→ **Task item**: The reply must consist of the complete listing, reproduced exactly, with no images included.

→ **Given data**:
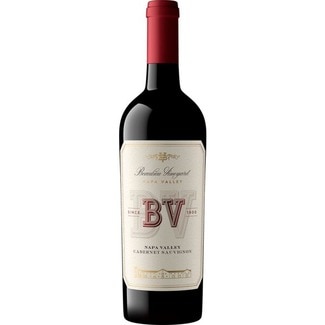 Vinho Tinto dos Estados Unidos Napa Valley Cabernet Sauvignon garrafa 75 cl - Bv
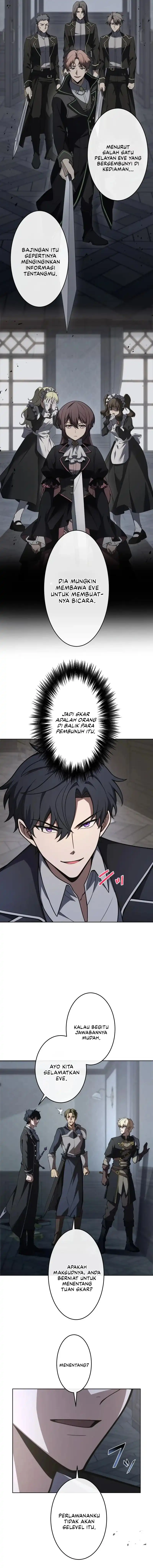 The Transcendent Holy Swordsman Regresses as the Youngest Son of a Magic Swordsman Family Chapter 10 - Page 17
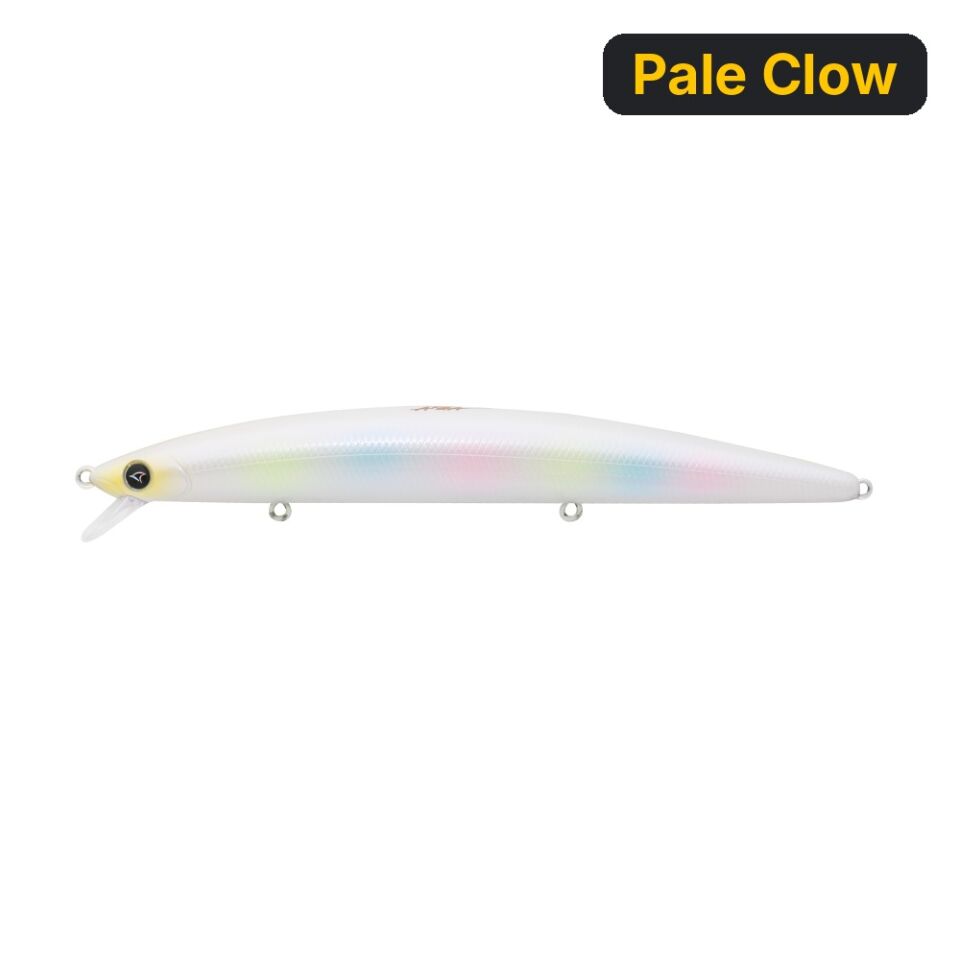 Hanfish Arıza 14 cm 22 gr Sinking Maket Yem Pale Clow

→ **Task output**:
 Vinho Tinto dos Estados Unidos Napa Valley Cabernet Sauvignon garrafa 75 cl - Bv
 The Transcendent Holy Swordsman Regresses as the Youngest Son of a Magic Swordsman Family Chapter 10 - Page 17
 Hanfish Arıza 14 cm 22 gr Sinking Maket Yem Pale Clow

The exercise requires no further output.